Using the data below, reproduce exactly the lines from the line with "Silver Concho Link Belt - Standard Size" to the line with "Use the Steampunk", both included; pictures must be dropped.
[Excerpted data — start]
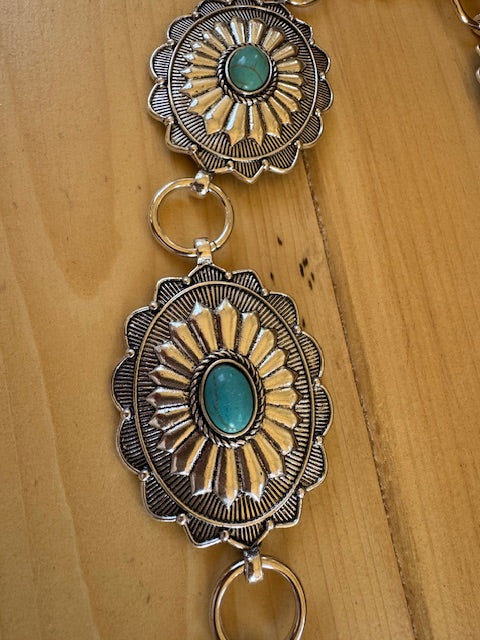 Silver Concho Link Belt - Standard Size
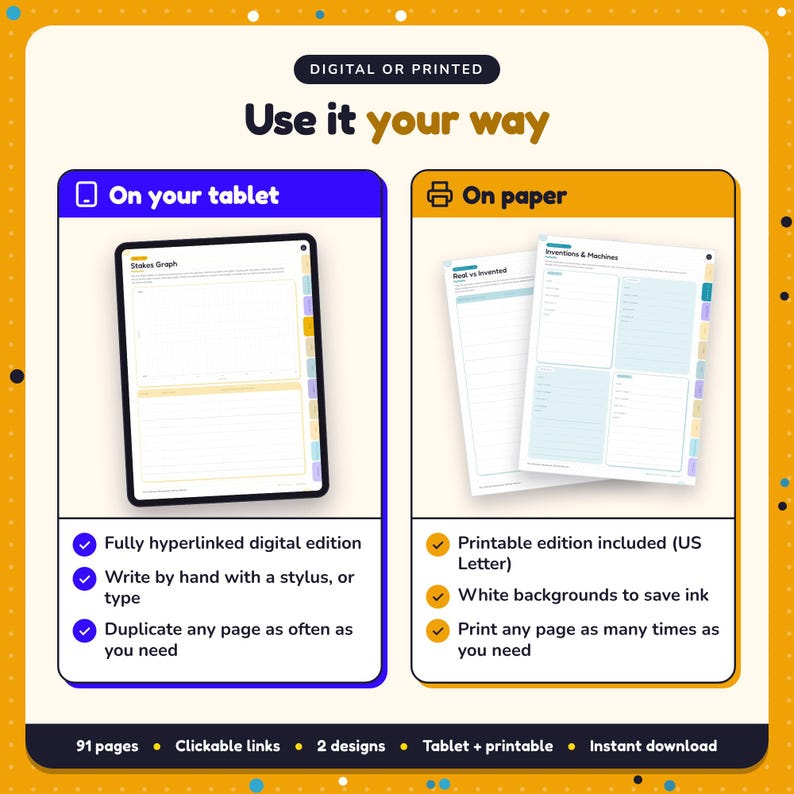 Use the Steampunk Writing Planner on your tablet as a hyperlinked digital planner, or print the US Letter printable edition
[Excerpted data — finish]
[Excerpted data — start]
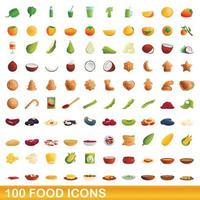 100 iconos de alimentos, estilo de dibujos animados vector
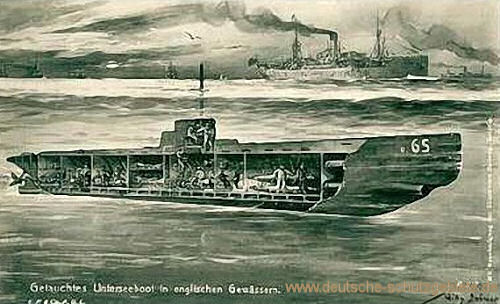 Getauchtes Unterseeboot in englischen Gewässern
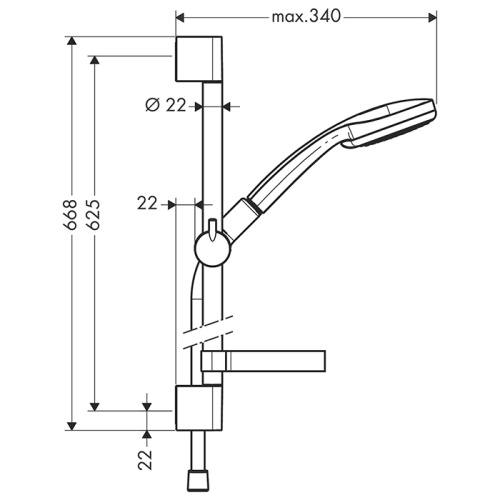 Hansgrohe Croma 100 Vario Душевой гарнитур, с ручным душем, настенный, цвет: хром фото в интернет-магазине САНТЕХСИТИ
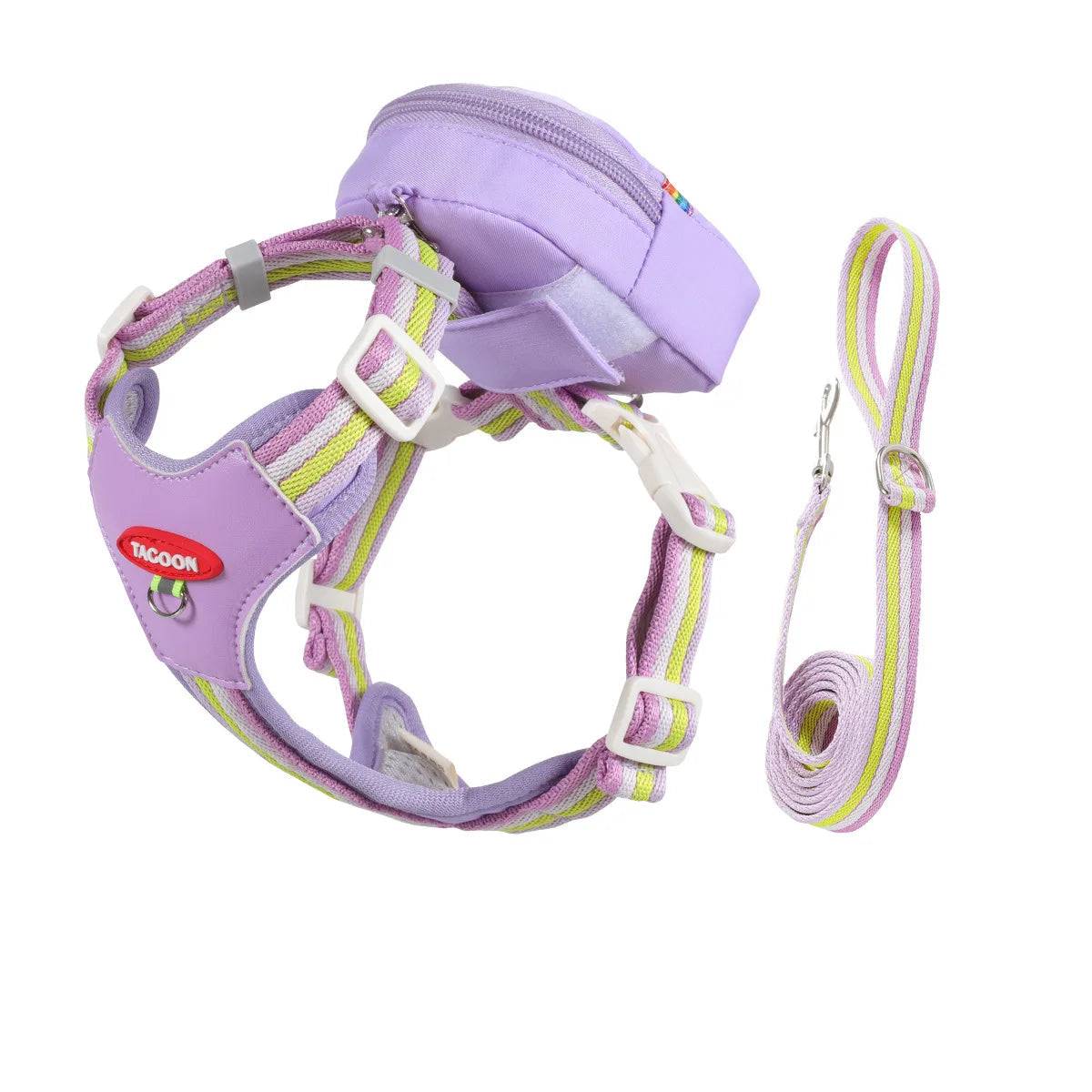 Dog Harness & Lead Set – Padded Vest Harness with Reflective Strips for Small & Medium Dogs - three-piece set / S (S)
[Excerpted data — finish]
[Excerpted data — start]
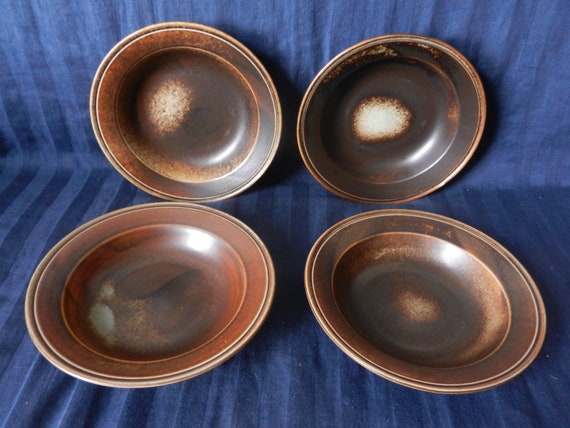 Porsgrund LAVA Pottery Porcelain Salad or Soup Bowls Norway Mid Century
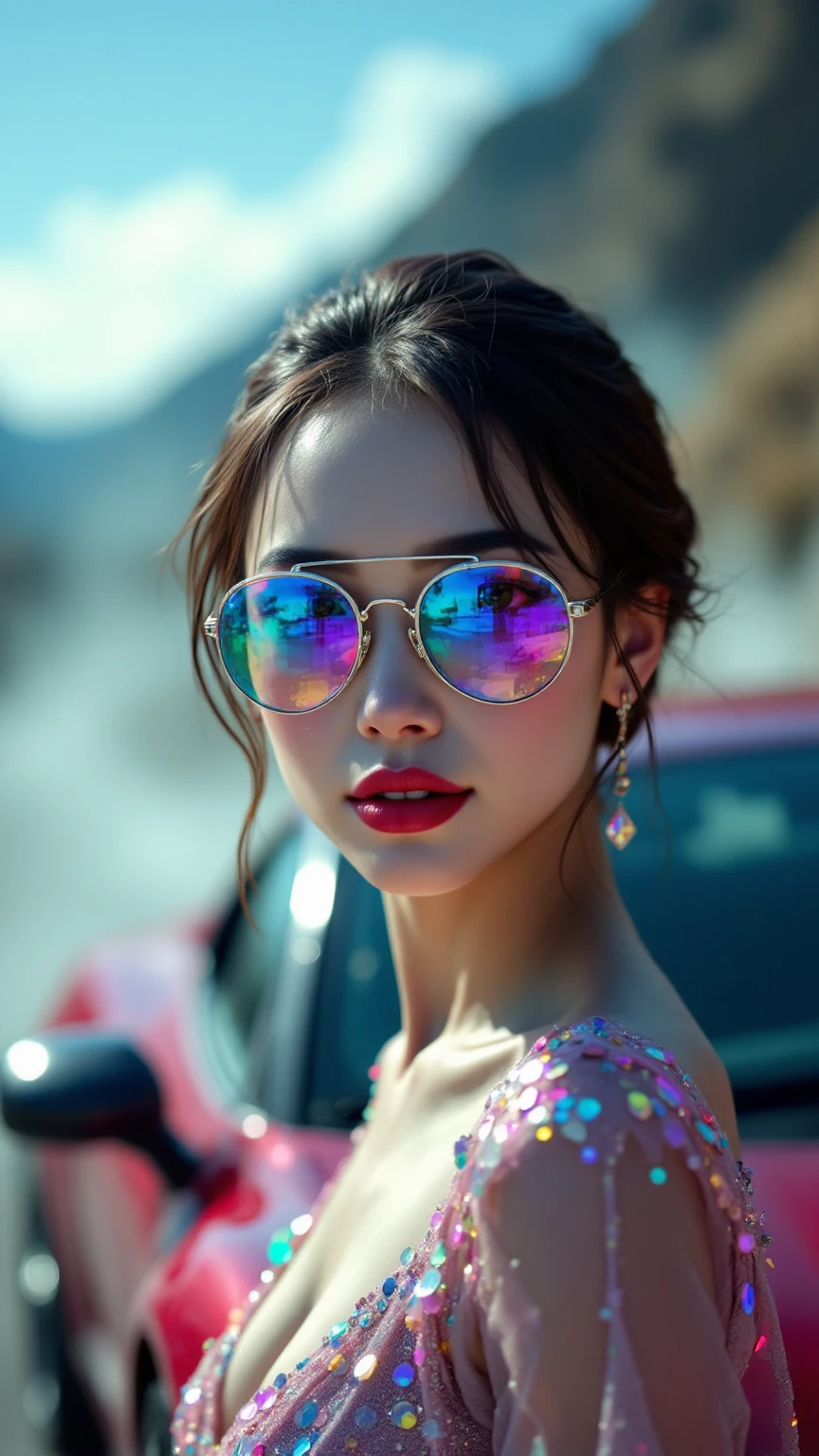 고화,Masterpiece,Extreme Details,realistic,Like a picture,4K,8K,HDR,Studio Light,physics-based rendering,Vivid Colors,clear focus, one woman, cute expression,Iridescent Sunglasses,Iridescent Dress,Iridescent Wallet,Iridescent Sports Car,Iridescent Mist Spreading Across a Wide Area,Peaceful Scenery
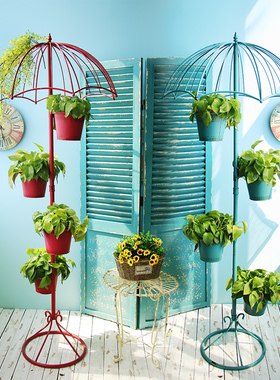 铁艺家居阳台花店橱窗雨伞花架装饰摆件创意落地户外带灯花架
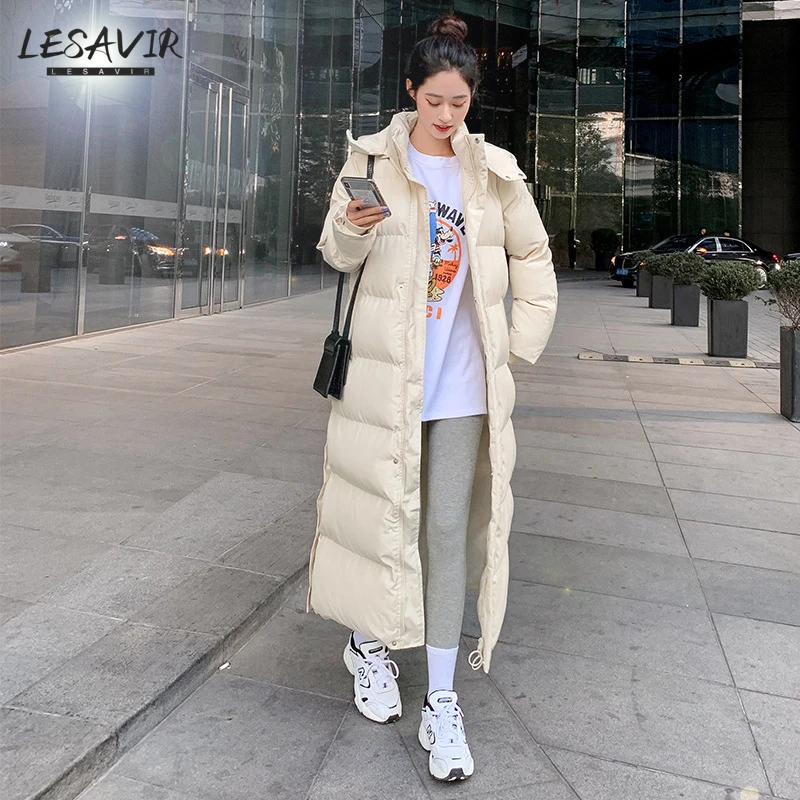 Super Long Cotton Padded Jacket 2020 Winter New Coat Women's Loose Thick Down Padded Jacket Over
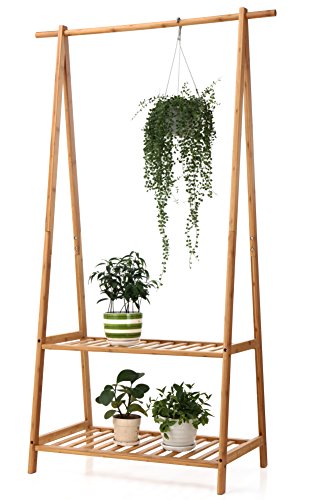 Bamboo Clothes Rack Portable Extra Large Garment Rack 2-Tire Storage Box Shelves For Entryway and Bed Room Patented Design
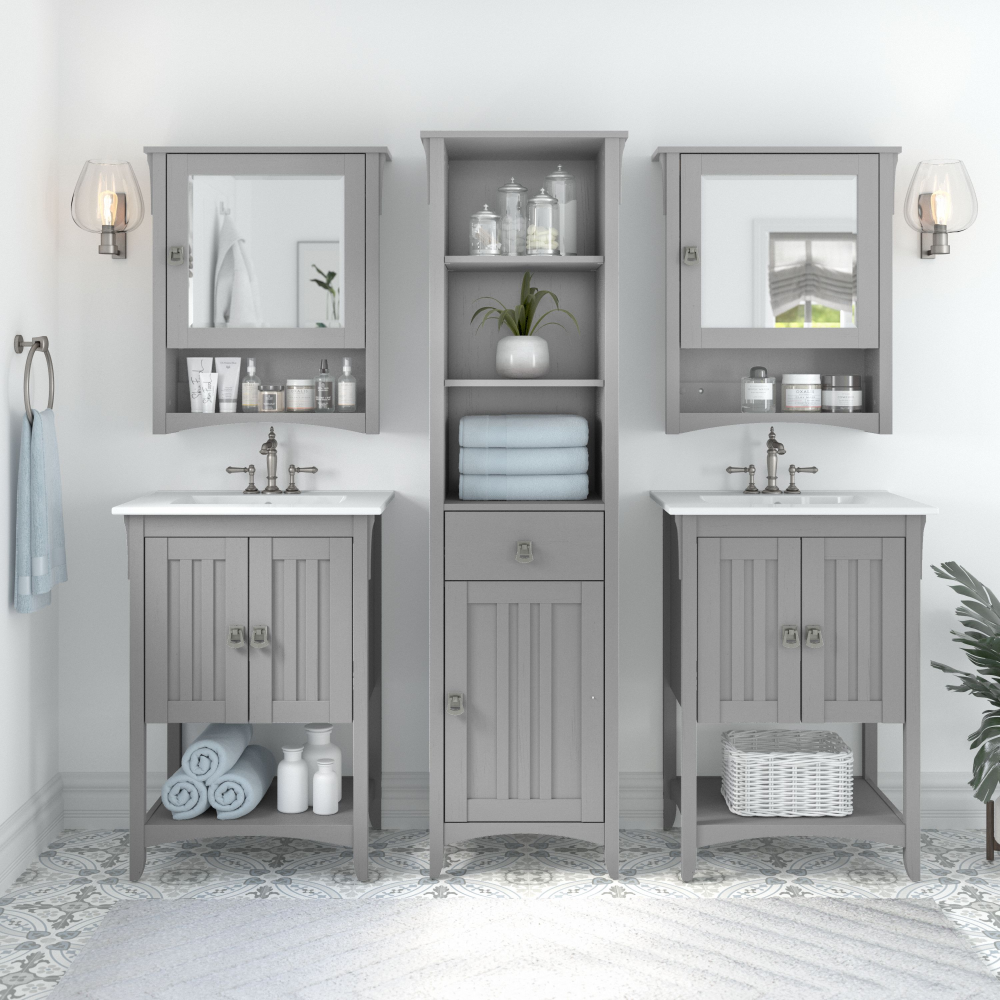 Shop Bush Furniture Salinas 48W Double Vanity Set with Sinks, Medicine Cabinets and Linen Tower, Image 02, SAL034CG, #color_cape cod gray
[Excerpted data — finish]
* [Result of this task]
 Silver Concho Link Belt - Standard Size
 Use the Steampunk Writing Planner on your tablet as a hyperlinked digital planner, or print the US Letter printable edition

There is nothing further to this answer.